___ Provided information ___
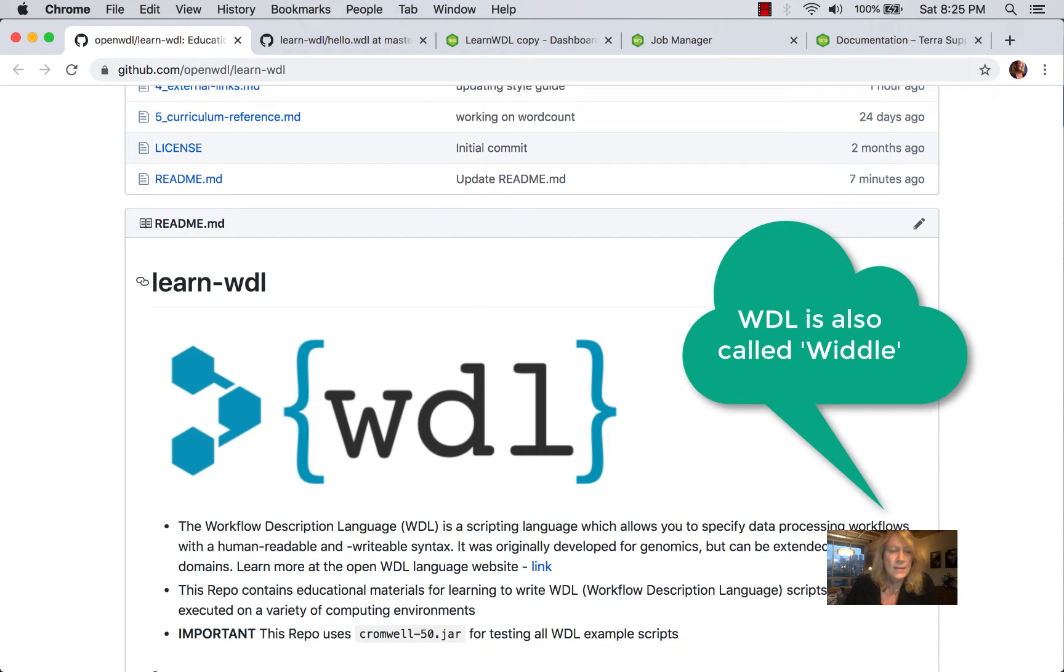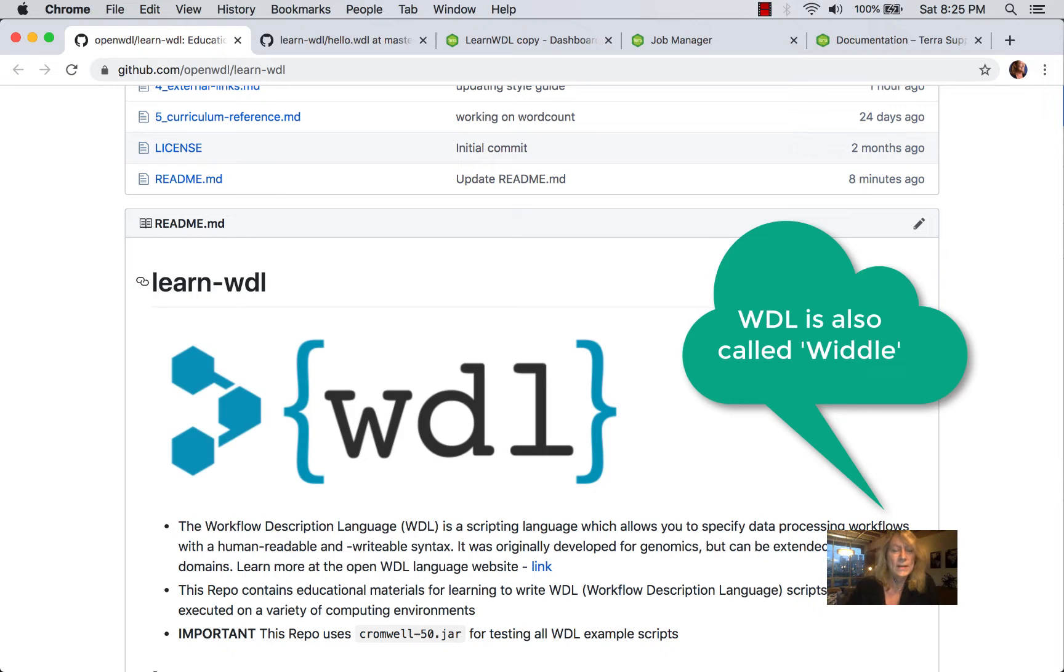So this course is going to provide you with a number of examples of working with WDL scripts. And as is typical, we're going to start with a Hello World.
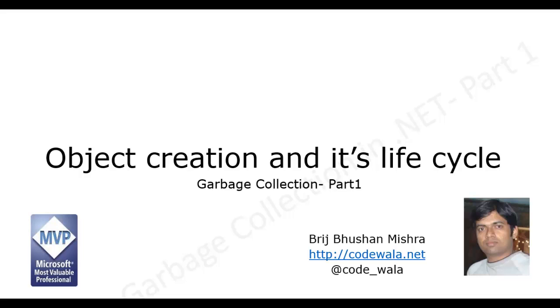Hello and welcome to this video tutorial. I am Brij Bhushan Mishra. As we know that garbage collector is one of the key components in .NET framework and it saves us from many nightmares as a .NET developer.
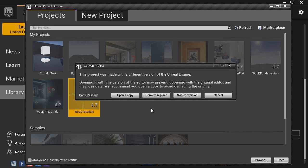And if anything happens during conversion, or something isn't working properly, then you won't have any backup. So anytime you convert the project, choose open a copy. And then once everything is working, you can delete the old version of the project.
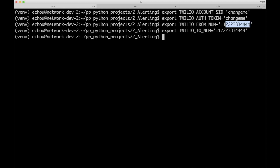All of this information you get from the console. For the from number, I want to point out that it needs to be in full notation. Since I'm residing in the United States, that's a plus one, then the area code, and then the seven digit phone number. So wherever you're at, whatever phone number you get, you should use this full notation. Once you've exported those into your environment variables, we're ready to look at the first Python script.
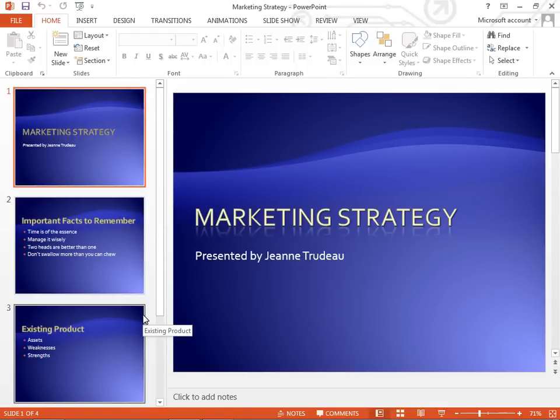Hello and welcome to another video tutorial from ComputerGaga.com. This is just going to be a quick tutorial to show where page setup has moved to in PowerPoint 2013.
___
◆ **Problem requirements**
Both the line containing "And if anything" and the last line of the records above belong in the exact copy, along with every line between them; pictures do not.

◆ **Exercise output**
And if anything happens during conversion, or something isn't working properly, then you won't have any backup. So anytime you convert the project, choose open a copy. And then once everything is working, you can delete the old version of the project.
All of this information you get from the console. For the from number, I want to point out that it needs to be in full notation. Since I'm residing in the United States, that's a plus one, then the area code, and then the seven digit phone number. So wherever you're at, whatever phone number you get, you should use this full notation. Once you've exported those into your environment variables, we're ready to look at the first Python script.
Hello and welcome to another video tutorial from ComputerGaga.com. This is just going to be a quick tutorial to show where page setup has moved to in PowerPoint 2013.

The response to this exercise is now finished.